I couldn’t understand. Lately I’ve been productive with my writing. I was finally finding my voice. I was ready to share it with the world, knowing that some would agree and some wouldn’t, and being okay with either. I felt compelled to speak my truth, doing lots of research to support my positions, challenging others to think from a different perspective, while having my own perspectives challenged.
Now all of a sudden I can barely write a paragraph about anything of substance without questioning how it will affect the sensibilities of every individual who may read it.
How did this happen? Wasn’t I the girl who recently proclaimed that she didn’t care what anyone else thought about her opinions? This is me, these are my opinions, take ’em or leave ’em…I’ll be okay either way.
Today the timing of my self-imposed silence became clear. Earlier this week I made a Facebook post about being surprised to find a particular conservative friend had unfriended me. There were 40+ comments on that post. All were supportive, but for one.
One negative comment from someone who, until a couple of years ago, I considered a very close friend, a BFF, if you will. Someone I’ve known since I was 14 years old. She said that my writing style is offensive and too ‘in your face’, that I discount others’ opinions, and make generalizations about people. She wrote that “making more noise doesn’t make you right, more educated or more caring for the less fortunate”[sic].
I’ll be honest. That stung. A lot. It stung more than it should have since this person made it clear over a year ago that she thinks I’m a horrible, cold-hearted person. I hadn’t spoken to her since that time and had no desire to ever speak to her again, yet we remained Facebook friends. I don’t know why neither of us cut the Facebook ties back then as it was obvious that our friendship was way past over. Since we never interacted on Facebook, I no longer saw her posts and assumed she didn’t see mine. I didn’t really care one way or the other.
Then, out of nowhere, she felt the need to tell me again how much I suck; this time in a very public forum. I wanted nothing more than to respond in kind and let her know, in no uncertain terms, that the feeling is mutual. Instead I chose not to respond directly to her comment. I posted a general response saying that I felt no need to stifle my voice, while reiterating that my intention is never to offend or discount anyone else’s opinion. This is me. Take it or leave it. If you don’t like it, hit the unfriend button. Then I saved her the trouble by unfriending and blocking her and everyone related to her (I felt bad blocking the others since they didn’t do anything to me, but I’m quite sure they feel the same way about me and will consider it no great loss). Part of me regrets not showing her just how offensive I can be, but didn’t see the point in doing so.

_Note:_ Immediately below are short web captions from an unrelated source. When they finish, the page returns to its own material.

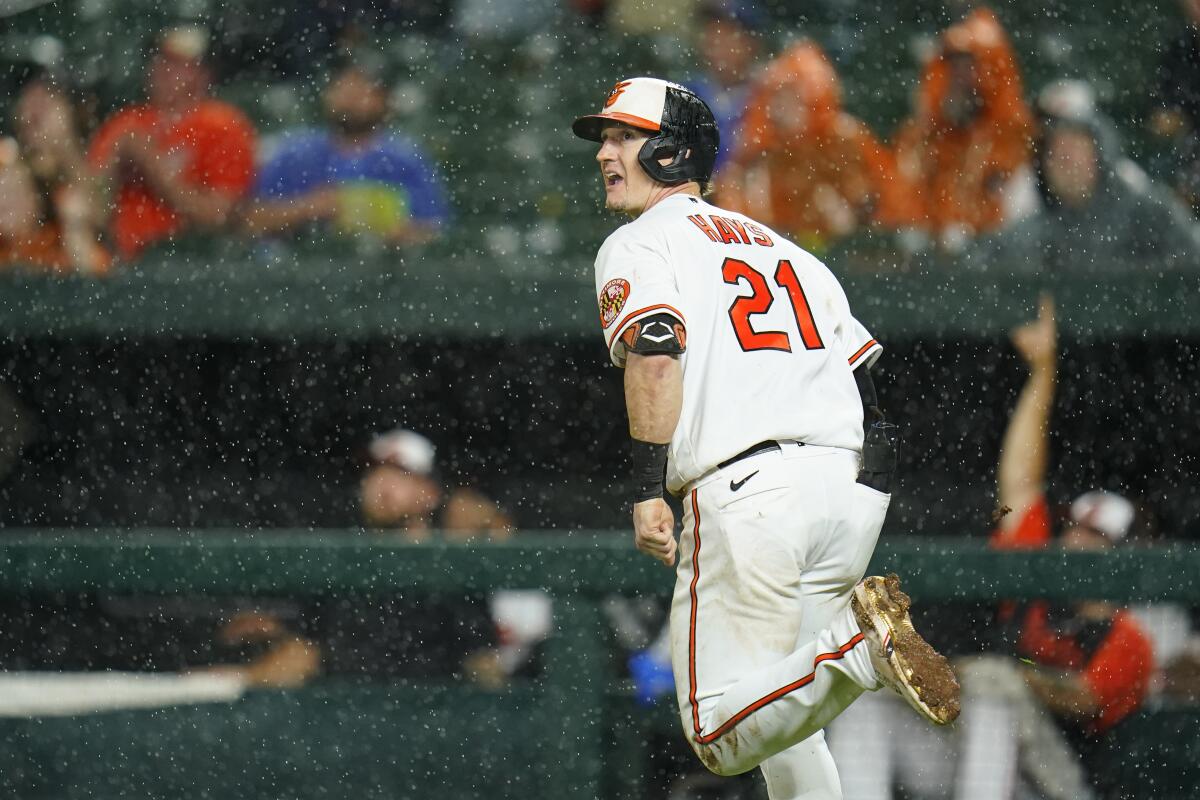 Baltimore Orioles' Austin Hays watches his ball as he hits a solo home run against the Chicago Cubs during the fifth inning of a baseball game, Tuesday, June 7, 2022, in Baltimore. (AP Photo/Julio Cortez)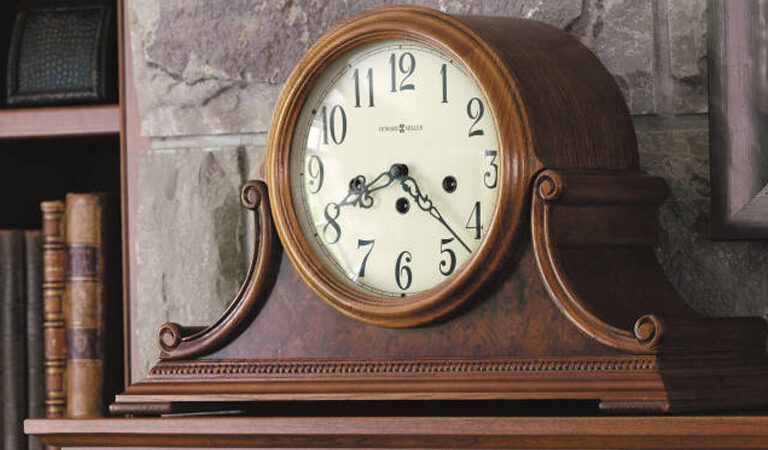 Howard Miller Mantle Clock - medium brown finish - sitting on mantle next to bookshelf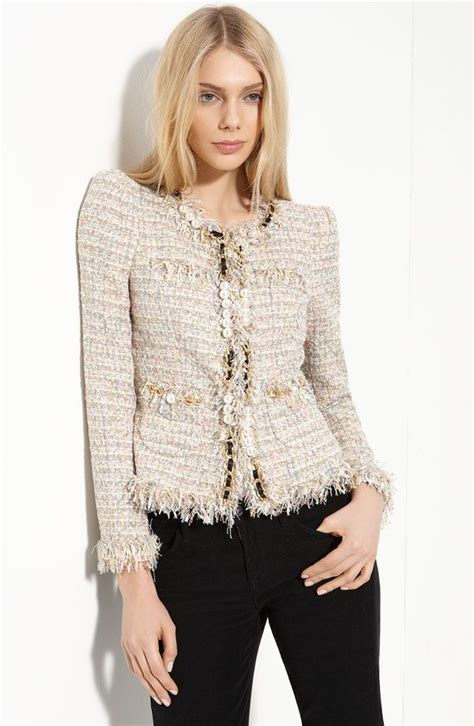 chanel boucle jacke|Chanel fringed tweed jacket.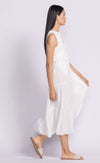 Side view of the Jennifer Dress by Pink Martini, showing its tiered silhouette and flattering midi length.
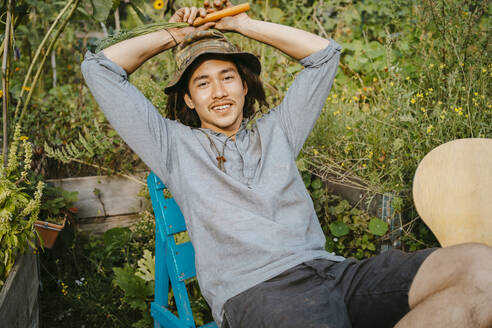 Portrait of male farmer sitting in community garden - MASF28606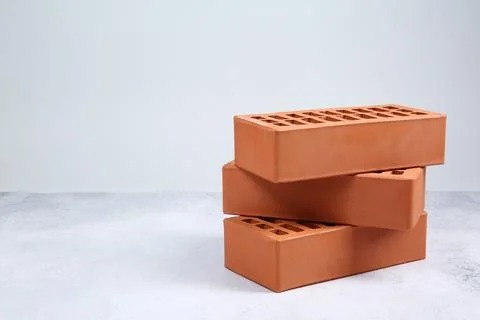 Three red bricks on textured table against light background, space for text.. Stock Photos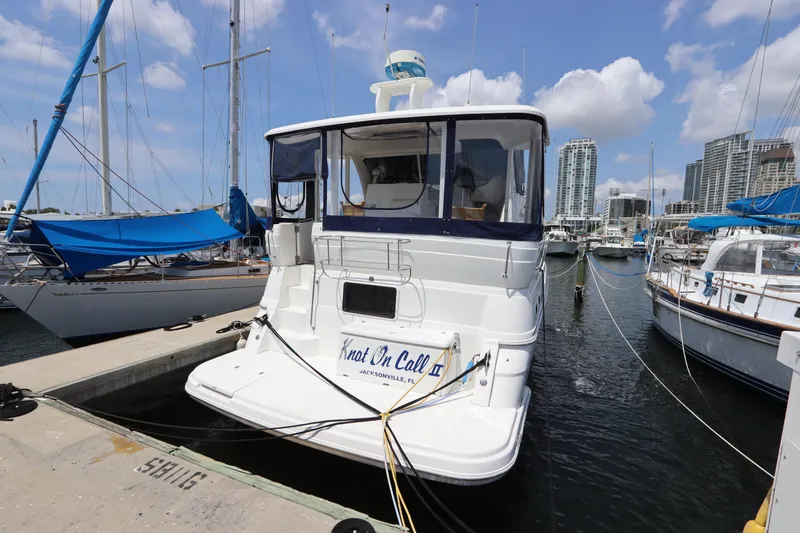 Slide: The Image of 1999 Cruisers Yachts 3750 Motoryacht docked at marina with city skyline. - 5
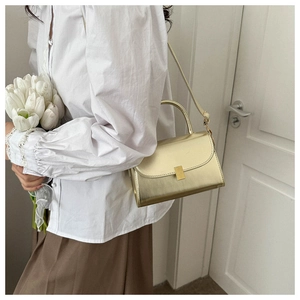 Detailed view of champagne gold crossbody bag with metallic finish and top handle on model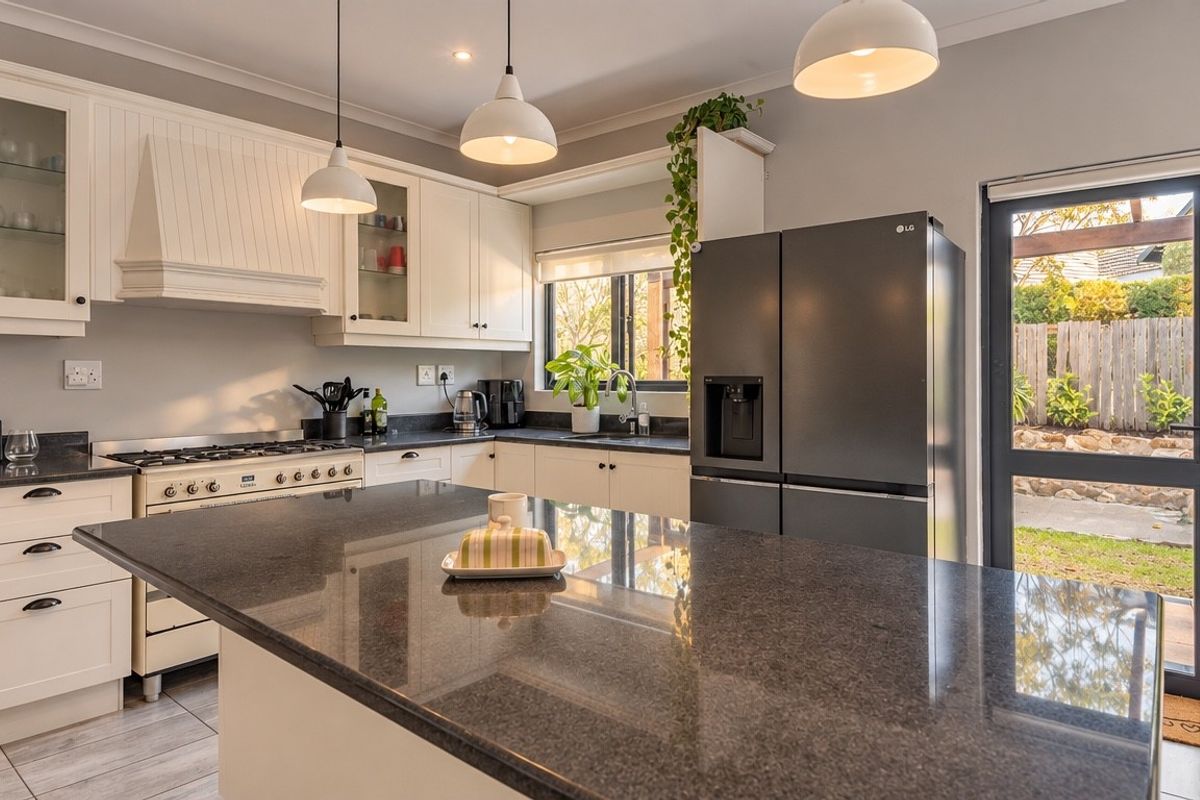Modern kitchen featuring granite countertops, a central island, gas stove, and glass-front cabinetry, with direct access to the rear garden.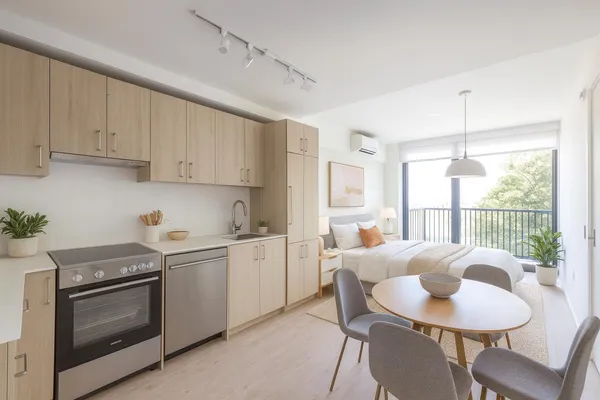 a kitchen with stainless steel appliances granite countertop a stove a sink dishwasher and white cabinets with wooden floor
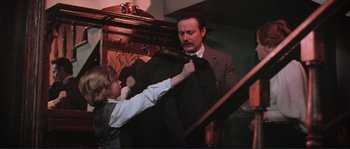 Movie still from “Dersu Uzala” (1975), directed by Akira Kurosawa – A young boy helping a man fix a tie; Medium shot, Over the shoulder angle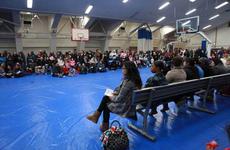 Large crowds gather Friday at Halsey Gym at Naval Air Facility Atsugi, Japan, to find out more information about the voluntary evacuation. Planes carrying family memebers are expected to start leaving Japan this weekend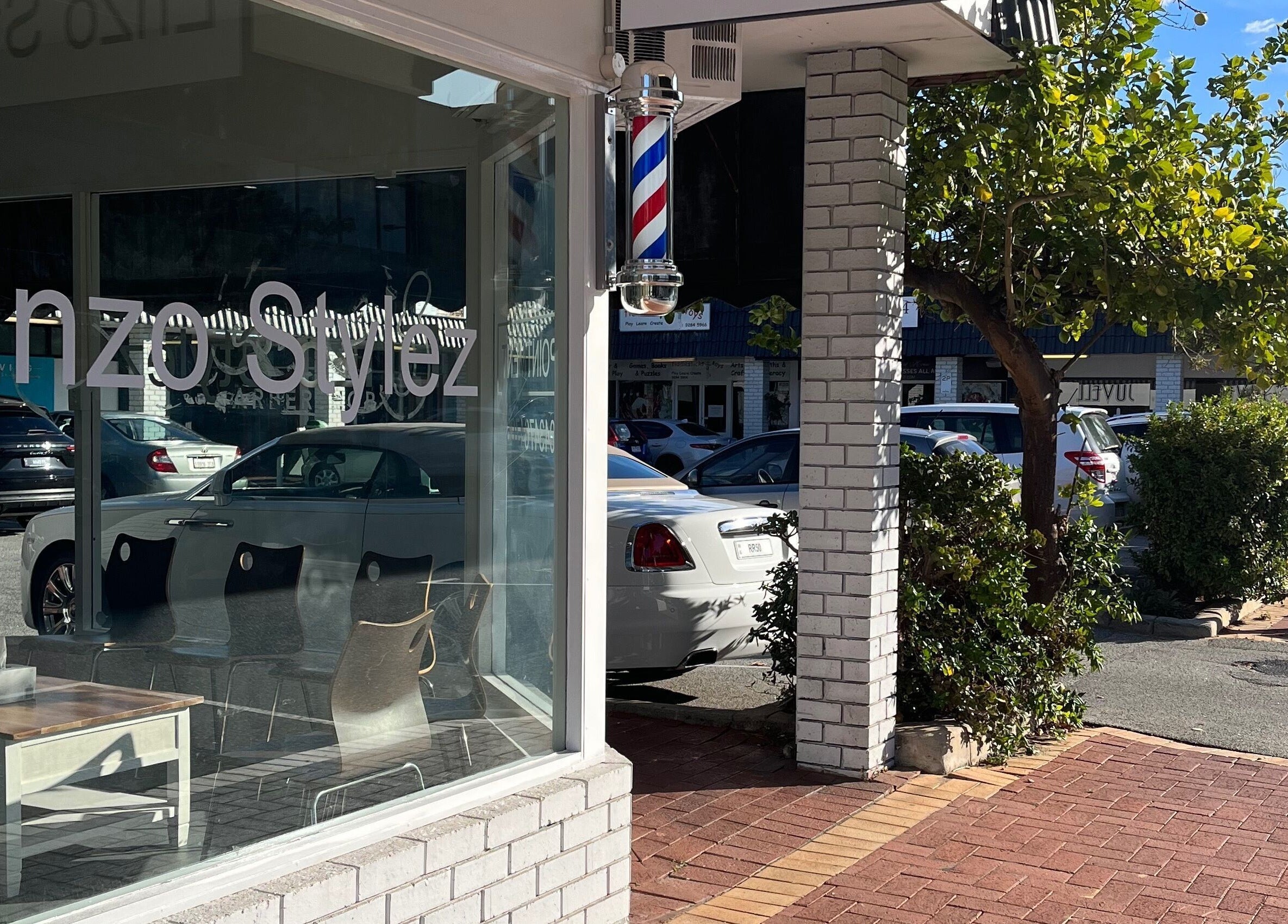 Exterior view of Enzo Stylez salon in Cottesloe, Western Australia, AU, showcasing its stylish entrance and barber pole.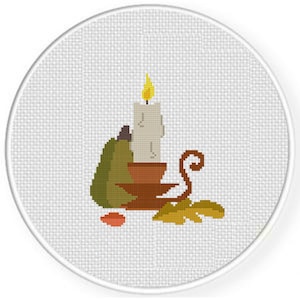 May include: A white candle with a yellow flame sits in a brown ceramic holder. A green gourd and brown leaves are arranged around the candle.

Since that day, I’ve been unable to write what I feel. I find myself trying to straddle both sides of the fence so as not to ruffle any feathers. I’ve questioned every word I’ve written, basically strangling myself into silent submission. Am I right? Am I off the mark? Will this make someone angry? Will I offend someone? Does it matter? Who gives a damn what I think anyway? Maybe I should just shut up.
Truth is I almost allowed her to silence me. But, why? Her opinion of me hasn’t mattered for quite a while. Why did I allow that one negative comment to override the 40 others that were supportive? Of that, I’m not sure. As of this moment what I am sure of is that I won’t shut up.
For whatever reason, I can’t shut up. Even if my opinions offend someone. Even if people think I’m a rude, loudmouthed, know-it-all. Even if everyone I know unfriends me on social media or in real life because of what I say. It doesn’t matter. I read things every day that offend me, but they also make me think. They allow me to see the world from a perspective other than mine. I think that’s a good thing. Maybe my words will make someone else think. Maybe they won’t. Who cares?
The real question isn’t whether anyone cares about what I have to say. The question is do I have the courage of my convictions? The answer is yes. I hope I never again allow someone else’s opinion to silence my own. Hopefully getting this off my chest will allow my words to flow again.
Paraphrasing the immortal words of Taylor Swift… Haters gonna hate. I’m just gonna shake it off.
Thanks, Taylor. I’m gonna dance around the living room, shake it off, then sit down in front of my computer and just write something.
Don’t let anyone silence your voice, friend. Speak your truth. Silence isn’t always golden.